Posted Oct. 9, 2006.
- WITH THIS STORY:
- » External links
- » Related content
"Competition works." Those words uttered last year by William G. Plested, MD, then an AMA trustee and now AMA president, get at the crux of why the recent end of the federal moratorium on physician-owned specialty hospitals is good news for the health care system.
New specialty hospital development was essentially halted in December 2003. The first roadblock was a ban on physician Medicare referrals to specialty hospitals in which they have ownership interest. The second was a hold on Medicare provider numbers for these facilities. The AMA fought against these restrictions. In August, the final barrier fell.
Why is this good news? Specialty hospitals offer patients high-quality care and typically shorter lengths of stay. They also offer choice, and choice fuels innovation. This raises performance across the board and leads to a healthier marketplace.
Critics charge the opposite. They claim that these facilities hurt the system by siphoning off healthier patients, providing only money-making services and presenting doctors with a financial conflict of interest that is bad for patients who see no added health benefits. Meanwhile, they add, community hospitals suffer under the load of sicker patients and money-losing services, such as emergency and burn care.
Statistics and studies undermine these arguments.
First, patients do reap health benefits at specialty hospitals. Orthopedic and cardiac facilities offer lengths of stay 20% to 25% fewer days than community facilities, a 2006 Medicare Payment Advisory Commission report found.

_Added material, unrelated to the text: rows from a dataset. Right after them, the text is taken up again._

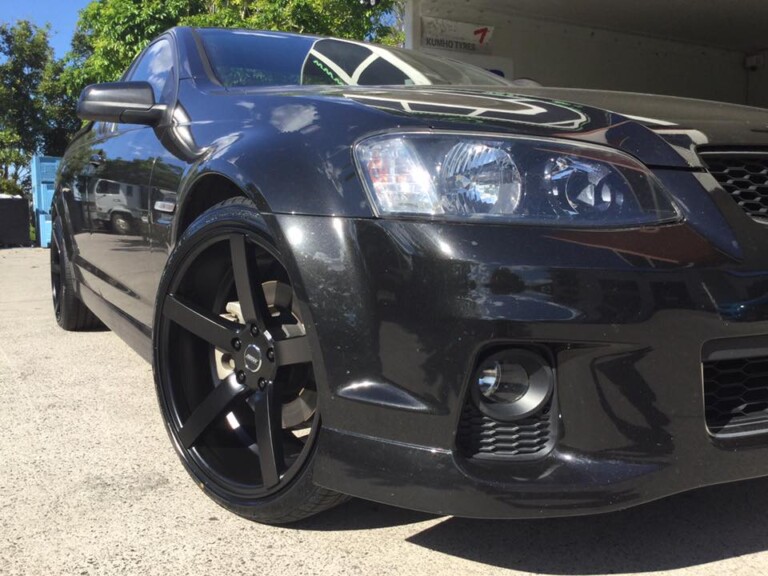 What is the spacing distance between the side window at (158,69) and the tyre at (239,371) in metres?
0.86

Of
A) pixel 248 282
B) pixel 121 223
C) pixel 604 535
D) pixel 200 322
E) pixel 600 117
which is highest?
pixel 600 117

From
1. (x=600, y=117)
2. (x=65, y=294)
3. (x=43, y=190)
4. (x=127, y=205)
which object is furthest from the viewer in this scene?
(x=43, y=190)

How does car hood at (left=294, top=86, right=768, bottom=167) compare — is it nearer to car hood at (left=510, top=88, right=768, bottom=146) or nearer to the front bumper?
car hood at (left=510, top=88, right=768, bottom=146)

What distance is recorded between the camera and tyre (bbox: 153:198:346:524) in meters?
2.01

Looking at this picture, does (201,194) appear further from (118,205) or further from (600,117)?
(600,117)

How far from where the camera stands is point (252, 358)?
2.12 metres

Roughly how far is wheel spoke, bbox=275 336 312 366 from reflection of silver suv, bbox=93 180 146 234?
116cm

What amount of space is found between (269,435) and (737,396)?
1150 millimetres

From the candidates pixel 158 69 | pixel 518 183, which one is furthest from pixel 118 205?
pixel 518 183

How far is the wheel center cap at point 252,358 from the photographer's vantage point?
6.89ft

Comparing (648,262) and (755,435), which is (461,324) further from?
(755,435)

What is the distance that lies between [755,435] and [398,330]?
85 centimetres

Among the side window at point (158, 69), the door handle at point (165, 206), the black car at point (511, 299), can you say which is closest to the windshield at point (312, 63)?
the side window at point (158, 69)

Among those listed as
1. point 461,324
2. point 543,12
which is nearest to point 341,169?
point 461,324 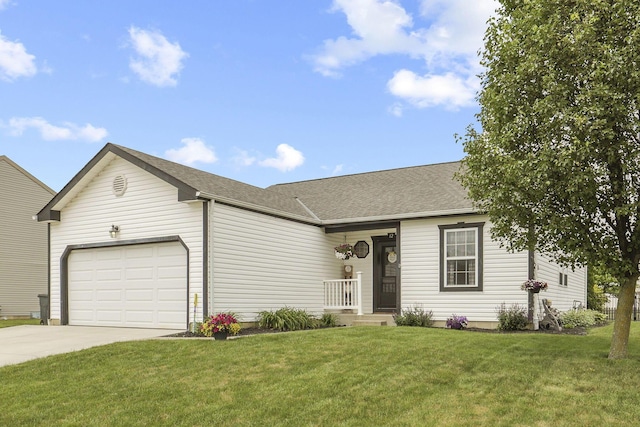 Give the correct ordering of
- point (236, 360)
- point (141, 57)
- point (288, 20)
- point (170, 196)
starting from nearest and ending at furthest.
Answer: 1. point (236, 360)
2. point (170, 196)
3. point (288, 20)
4. point (141, 57)

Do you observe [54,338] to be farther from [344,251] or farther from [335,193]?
[335,193]

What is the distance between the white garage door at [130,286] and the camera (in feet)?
46.5

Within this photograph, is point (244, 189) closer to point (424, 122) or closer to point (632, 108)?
point (424, 122)

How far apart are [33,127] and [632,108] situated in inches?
701

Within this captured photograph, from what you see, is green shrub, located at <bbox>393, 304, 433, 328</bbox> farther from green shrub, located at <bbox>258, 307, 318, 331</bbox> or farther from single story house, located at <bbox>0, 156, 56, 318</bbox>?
single story house, located at <bbox>0, 156, 56, 318</bbox>

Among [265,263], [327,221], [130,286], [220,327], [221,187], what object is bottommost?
[220,327]

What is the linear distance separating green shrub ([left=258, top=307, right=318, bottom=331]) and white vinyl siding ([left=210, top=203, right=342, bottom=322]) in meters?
0.32

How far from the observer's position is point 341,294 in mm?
17125

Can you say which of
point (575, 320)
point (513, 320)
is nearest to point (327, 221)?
point (513, 320)

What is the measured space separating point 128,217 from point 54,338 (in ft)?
11.7

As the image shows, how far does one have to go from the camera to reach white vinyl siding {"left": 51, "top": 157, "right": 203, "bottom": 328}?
543 inches

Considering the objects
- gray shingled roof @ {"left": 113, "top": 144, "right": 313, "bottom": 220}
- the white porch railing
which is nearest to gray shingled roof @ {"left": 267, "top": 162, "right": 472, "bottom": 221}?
gray shingled roof @ {"left": 113, "top": 144, "right": 313, "bottom": 220}

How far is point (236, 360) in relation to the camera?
9344 mm

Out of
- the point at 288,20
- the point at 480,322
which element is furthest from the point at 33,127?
the point at 480,322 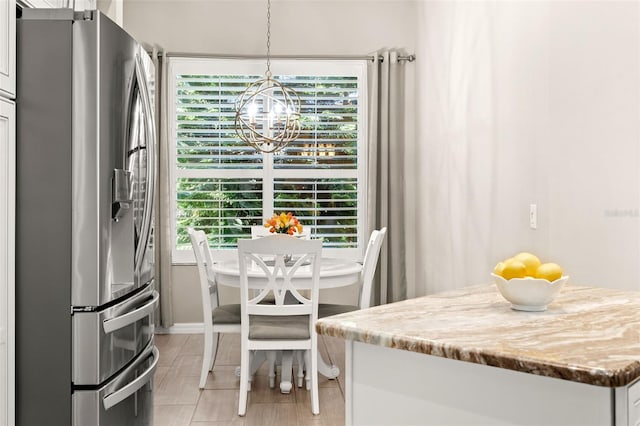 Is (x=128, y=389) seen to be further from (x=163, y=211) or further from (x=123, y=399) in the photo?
(x=163, y=211)

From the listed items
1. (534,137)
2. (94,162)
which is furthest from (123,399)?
(534,137)

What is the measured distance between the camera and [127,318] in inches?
92.4

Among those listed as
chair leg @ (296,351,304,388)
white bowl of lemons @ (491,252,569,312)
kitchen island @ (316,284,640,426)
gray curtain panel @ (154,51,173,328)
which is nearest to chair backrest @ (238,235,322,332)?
chair leg @ (296,351,304,388)

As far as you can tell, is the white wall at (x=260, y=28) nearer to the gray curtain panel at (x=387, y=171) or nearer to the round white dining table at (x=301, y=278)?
the gray curtain panel at (x=387, y=171)

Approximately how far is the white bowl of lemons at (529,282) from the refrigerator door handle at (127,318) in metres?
1.43

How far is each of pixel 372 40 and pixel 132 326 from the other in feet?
12.3

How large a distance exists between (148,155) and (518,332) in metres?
1.75

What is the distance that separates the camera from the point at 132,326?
244 centimetres

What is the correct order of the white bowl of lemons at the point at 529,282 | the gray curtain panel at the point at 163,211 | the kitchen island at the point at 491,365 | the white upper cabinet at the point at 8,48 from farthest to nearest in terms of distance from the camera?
1. the gray curtain panel at the point at 163,211
2. the white upper cabinet at the point at 8,48
3. the white bowl of lemons at the point at 529,282
4. the kitchen island at the point at 491,365

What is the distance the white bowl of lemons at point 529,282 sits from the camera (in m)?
1.49

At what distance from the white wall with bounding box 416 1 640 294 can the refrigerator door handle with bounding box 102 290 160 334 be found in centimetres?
188

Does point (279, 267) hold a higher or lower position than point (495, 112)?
lower

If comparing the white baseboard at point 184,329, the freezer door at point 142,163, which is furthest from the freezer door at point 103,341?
the white baseboard at point 184,329

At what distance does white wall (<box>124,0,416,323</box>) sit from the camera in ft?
17.2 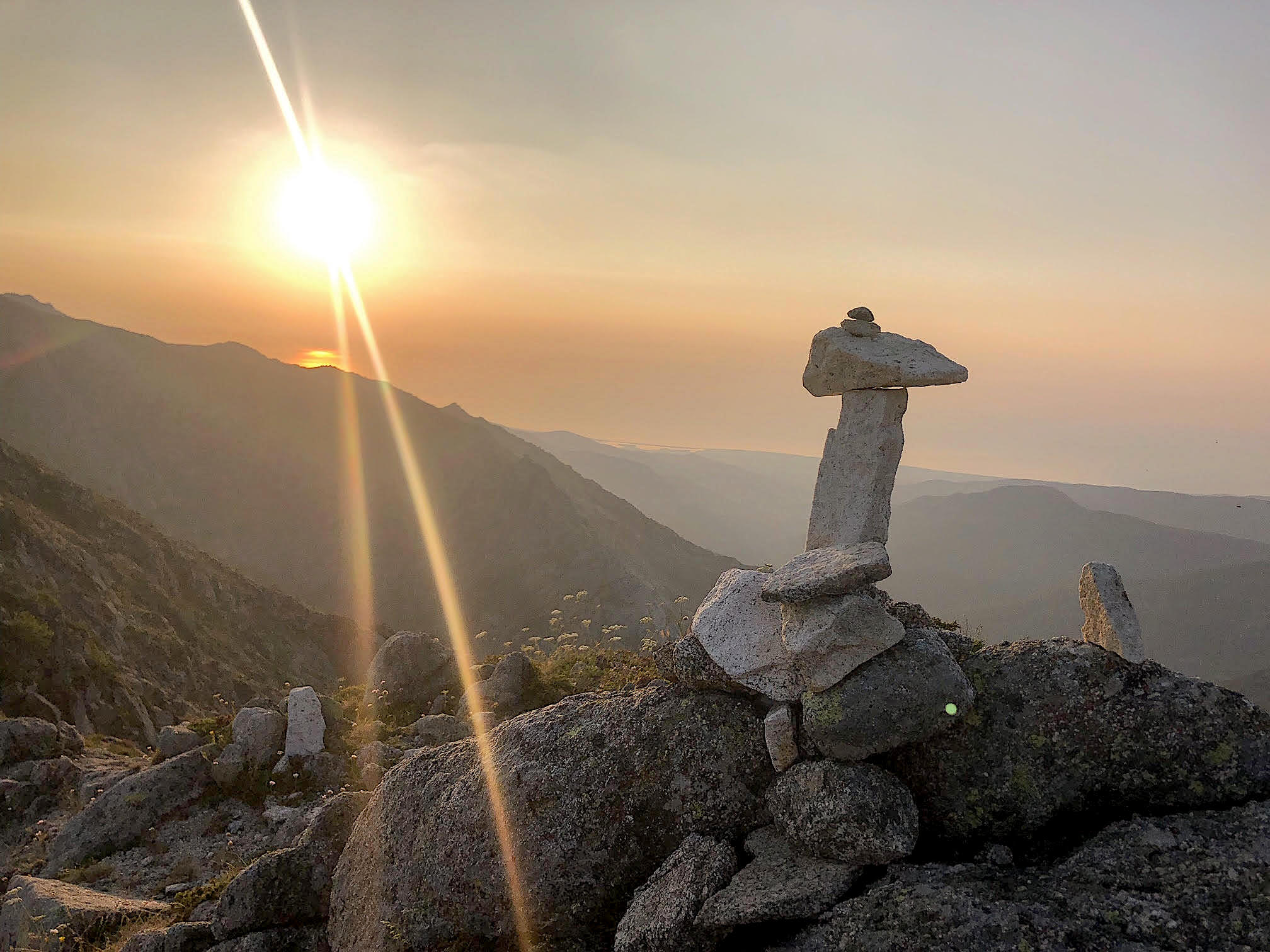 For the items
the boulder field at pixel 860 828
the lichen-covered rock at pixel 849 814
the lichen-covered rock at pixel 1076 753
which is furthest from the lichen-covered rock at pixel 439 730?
the lichen-covered rock at pixel 1076 753

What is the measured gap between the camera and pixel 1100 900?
15.8ft

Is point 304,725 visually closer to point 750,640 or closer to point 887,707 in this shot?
point 750,640

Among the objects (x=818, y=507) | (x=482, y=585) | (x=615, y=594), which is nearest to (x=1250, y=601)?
(x=615, y=594)

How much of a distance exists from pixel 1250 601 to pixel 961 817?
102561mm

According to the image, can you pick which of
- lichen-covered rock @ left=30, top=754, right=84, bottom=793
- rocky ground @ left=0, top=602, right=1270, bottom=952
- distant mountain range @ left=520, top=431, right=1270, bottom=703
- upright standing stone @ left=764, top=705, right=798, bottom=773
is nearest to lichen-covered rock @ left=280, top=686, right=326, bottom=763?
rocky ground @ left=0, top=602, right=1270, bottom=952

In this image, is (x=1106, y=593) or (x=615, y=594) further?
(x=615, y=594)

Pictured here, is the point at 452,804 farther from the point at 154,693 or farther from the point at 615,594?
the point at 615,594

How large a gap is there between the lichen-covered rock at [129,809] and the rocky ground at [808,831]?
131 inches

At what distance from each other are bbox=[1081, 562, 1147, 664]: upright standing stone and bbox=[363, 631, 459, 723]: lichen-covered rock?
14716 mm

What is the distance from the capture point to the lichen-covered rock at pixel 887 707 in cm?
622

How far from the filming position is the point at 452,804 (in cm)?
763

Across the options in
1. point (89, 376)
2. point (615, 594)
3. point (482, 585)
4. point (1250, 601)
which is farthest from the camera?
point (89, 376)

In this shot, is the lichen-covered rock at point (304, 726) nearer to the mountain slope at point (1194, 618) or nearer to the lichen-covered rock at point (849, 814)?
the lichen-covered rock at point (849, 814)

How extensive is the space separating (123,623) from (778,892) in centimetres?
3479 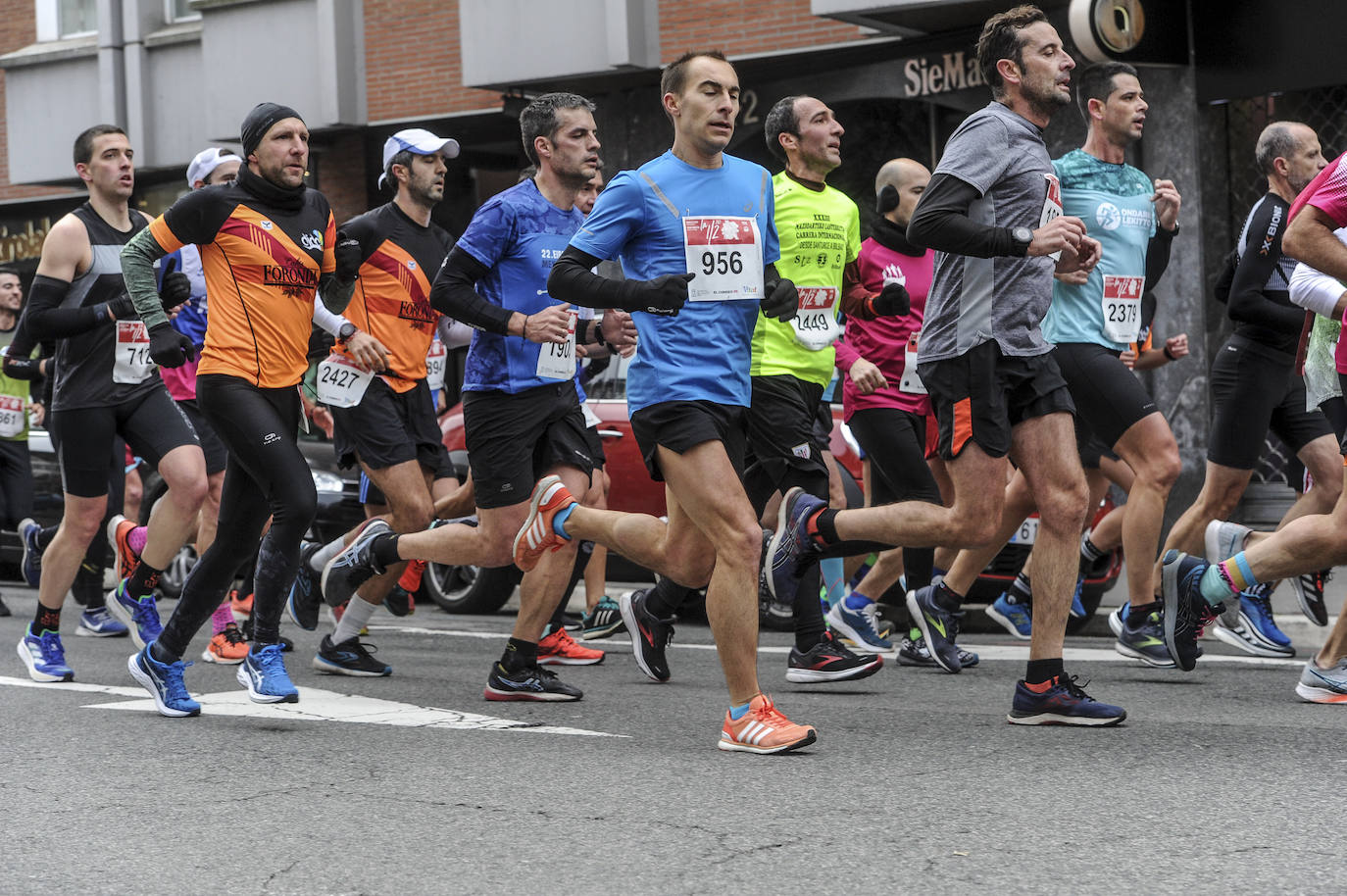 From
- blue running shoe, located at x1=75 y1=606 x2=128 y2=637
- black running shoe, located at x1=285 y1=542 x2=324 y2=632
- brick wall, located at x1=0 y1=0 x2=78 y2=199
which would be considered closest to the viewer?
black running shoe, located at x1=285 y1=542 x2=324 y2=632

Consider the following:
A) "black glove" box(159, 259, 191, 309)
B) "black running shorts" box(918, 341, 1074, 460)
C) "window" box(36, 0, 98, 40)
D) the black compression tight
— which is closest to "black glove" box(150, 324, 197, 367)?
the black compression tight

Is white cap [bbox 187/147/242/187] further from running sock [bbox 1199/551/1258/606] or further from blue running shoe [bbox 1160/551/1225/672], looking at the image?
running sock [bbox 1199/551/1258/606]

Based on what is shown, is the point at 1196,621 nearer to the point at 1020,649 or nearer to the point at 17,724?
the point at 1020,649

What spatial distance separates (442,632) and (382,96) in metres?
9.30

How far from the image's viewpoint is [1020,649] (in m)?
8.84

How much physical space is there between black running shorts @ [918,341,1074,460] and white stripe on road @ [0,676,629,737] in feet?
4.79

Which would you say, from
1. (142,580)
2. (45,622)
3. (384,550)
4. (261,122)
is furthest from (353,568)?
(261,122)

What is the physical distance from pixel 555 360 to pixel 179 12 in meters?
15.2

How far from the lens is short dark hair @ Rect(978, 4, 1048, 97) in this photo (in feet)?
20.0

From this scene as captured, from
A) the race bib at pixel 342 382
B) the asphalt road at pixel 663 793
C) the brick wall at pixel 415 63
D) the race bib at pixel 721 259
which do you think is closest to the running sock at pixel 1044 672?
the asphalt road at pixel 663 793

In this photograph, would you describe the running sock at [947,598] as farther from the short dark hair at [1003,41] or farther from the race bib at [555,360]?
the short dark hair at [1003,41]

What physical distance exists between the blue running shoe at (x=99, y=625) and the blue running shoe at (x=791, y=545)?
177 inches

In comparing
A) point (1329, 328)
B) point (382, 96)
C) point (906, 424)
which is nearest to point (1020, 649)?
point (906, 424)

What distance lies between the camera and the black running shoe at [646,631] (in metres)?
→ 7.35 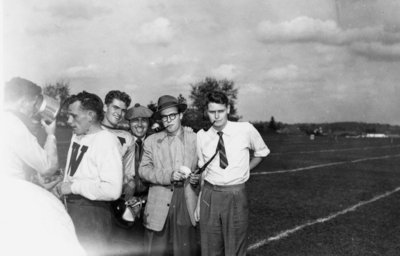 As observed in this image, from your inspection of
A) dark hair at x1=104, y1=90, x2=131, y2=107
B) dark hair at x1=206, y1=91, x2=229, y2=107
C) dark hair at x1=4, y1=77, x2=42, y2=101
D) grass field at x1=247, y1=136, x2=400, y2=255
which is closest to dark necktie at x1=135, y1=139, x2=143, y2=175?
dark hair at x1=104, y1=90, x2=131, y2=107

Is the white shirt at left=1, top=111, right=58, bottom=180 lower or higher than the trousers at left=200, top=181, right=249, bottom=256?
higher

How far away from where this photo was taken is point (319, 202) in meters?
9.66

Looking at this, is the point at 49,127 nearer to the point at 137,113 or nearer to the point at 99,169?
the point at 99,169

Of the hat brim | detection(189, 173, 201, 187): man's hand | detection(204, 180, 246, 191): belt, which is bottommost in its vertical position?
detection(204, 180, 246, 191): belt

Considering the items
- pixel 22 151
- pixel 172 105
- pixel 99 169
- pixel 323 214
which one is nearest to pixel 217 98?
pixel 172 105

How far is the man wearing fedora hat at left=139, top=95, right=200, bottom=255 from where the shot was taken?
385 cm

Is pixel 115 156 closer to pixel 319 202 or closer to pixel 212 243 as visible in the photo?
pixel 212 243

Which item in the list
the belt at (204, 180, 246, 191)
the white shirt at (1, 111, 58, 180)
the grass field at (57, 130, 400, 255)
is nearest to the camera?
the white shirt at (1, 111, 58, 180)

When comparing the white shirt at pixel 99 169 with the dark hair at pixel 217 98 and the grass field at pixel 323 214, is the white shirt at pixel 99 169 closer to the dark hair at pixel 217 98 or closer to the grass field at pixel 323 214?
the grass field at pixel 323 214

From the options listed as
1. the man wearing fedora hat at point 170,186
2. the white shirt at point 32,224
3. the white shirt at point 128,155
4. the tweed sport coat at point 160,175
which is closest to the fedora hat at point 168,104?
the man wearing fedora hat at point 170,186

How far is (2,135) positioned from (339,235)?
6766mm

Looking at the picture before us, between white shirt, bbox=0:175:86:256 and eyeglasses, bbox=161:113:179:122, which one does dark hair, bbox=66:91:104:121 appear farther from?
white shirt, bbox=0:175:86:256

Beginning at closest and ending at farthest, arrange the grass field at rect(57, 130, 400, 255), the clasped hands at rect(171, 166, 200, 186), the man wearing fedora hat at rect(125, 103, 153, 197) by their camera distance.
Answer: the clasped hands at rect(171, 166, 200, 186), the man wearing fedora hat at rect(125, 103, 153, 197), the grass field at rect(57, 130, 400, 255)

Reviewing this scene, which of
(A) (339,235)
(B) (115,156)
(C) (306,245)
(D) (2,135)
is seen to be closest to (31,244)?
(D) (2,135) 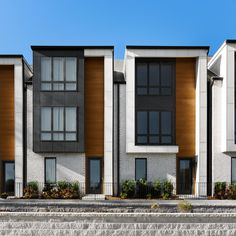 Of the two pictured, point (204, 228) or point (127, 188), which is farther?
point (127, 188)

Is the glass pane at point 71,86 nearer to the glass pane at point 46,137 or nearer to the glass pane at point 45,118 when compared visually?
the glass pane at point 45,118

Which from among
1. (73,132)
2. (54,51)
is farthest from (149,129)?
(54,51)

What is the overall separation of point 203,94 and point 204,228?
8.66 metres

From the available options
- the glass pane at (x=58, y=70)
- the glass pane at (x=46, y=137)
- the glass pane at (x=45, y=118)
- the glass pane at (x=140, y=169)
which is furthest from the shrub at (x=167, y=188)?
the glass pane at (x=58, y=70)

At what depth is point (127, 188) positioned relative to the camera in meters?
20.0

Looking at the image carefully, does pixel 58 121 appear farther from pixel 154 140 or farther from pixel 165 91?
pixel 165 91

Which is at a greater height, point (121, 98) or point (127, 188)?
point (121, 98)

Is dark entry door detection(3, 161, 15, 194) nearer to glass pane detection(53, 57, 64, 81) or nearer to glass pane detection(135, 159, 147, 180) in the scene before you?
glass pane detection(53, 57, 64, 81)

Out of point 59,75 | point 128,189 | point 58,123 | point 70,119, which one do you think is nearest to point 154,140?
point 128,189

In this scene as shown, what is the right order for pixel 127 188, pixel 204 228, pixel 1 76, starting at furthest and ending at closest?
1. pixel 1 76
2. pixel 127 188
3. pixel 204 228

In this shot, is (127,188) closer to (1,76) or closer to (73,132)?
(73,132)

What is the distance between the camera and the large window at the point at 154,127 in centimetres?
2073

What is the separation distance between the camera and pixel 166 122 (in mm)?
20875

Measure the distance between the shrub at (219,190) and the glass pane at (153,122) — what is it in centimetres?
457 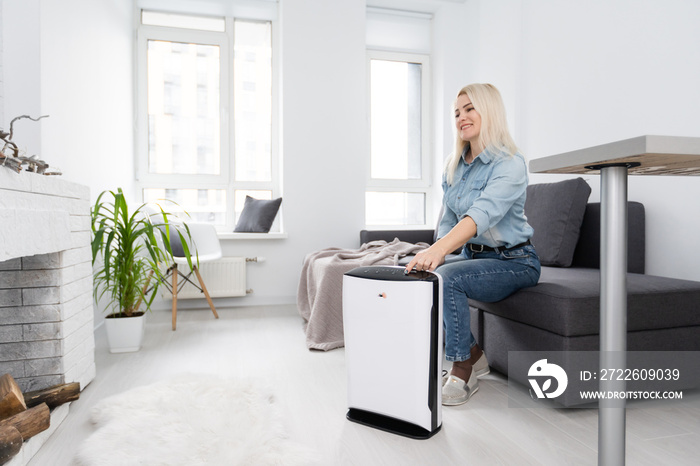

Plus, their risk-adjusted 30-day mortality rates were significantly lower than those for community hospitals, according to an article published in the January/February issue of the peer-reviewed policy journal Health Affairs. The authors based the article on findings of a study they conducted for the Centers for Medicare & Medicaid Services.
The studies found that specialty hospitals see patients who are less severely ill than their competitors, but not necessarily for every condition or across specialty type. The likely reason isn't a profit motive by physician owners but the facilities' specialized nature, wrote the authors of the Health Affairs article.
As for charges of conflict of interest, doctor owners favor their own hospitals for referrals, but they also send patients to competing community institutions. There is no evidence of inappropriate referrals by physician owners.
Besides, community hospitals' complaints don't hold water given the standards they have been known to apply to themselves. Some of them try to shut out specialty facilities by forging exclusive contracts with insurers, purchasing physician practices that feed patients to the community institution and including noncompete clauses in physician contracts.
Doctors' motivation for specialty hospital ownership is that it puts them in the driver's seat. A 2005 MedPAC report recognized that doctors create these facilities so that they can do their jobs better, with fewer scheduling uncertainties in a smaller-scale setting that appeals to and helps patients.
How are community hospitals faring in the face of increased competition? Just fine. The 2006 MedPAC report found that community hospital profit margins in areas with competing specialty hospitals were in line with national averages. Community facilities reacted to rivals by innovating -- expanding profitable business lines and creating centers of excellence.
The answer to community hospital losses on emergency and burn care isn't to stifle competition. It's to make sure that their payment for these services is as adequate as it is for their other services. The notion that specialty facilities aren't pulling their weight in terms of community health benefit is false. The Health Affairs authors concluded that because of the hefty taxes these institutions pay, they provide more of a benefit than their nonprofit counterparts.
Unfortunately, the end of the ban is not the end of the debate. Skeptics still exist.
And in Montana, where a state prohibition is still in effect, a challenge to the creation of a doctor-owned specialty hospital is pending in the state Supreme Court.
The results of specialty hospitals, however, will prove the critics wrong.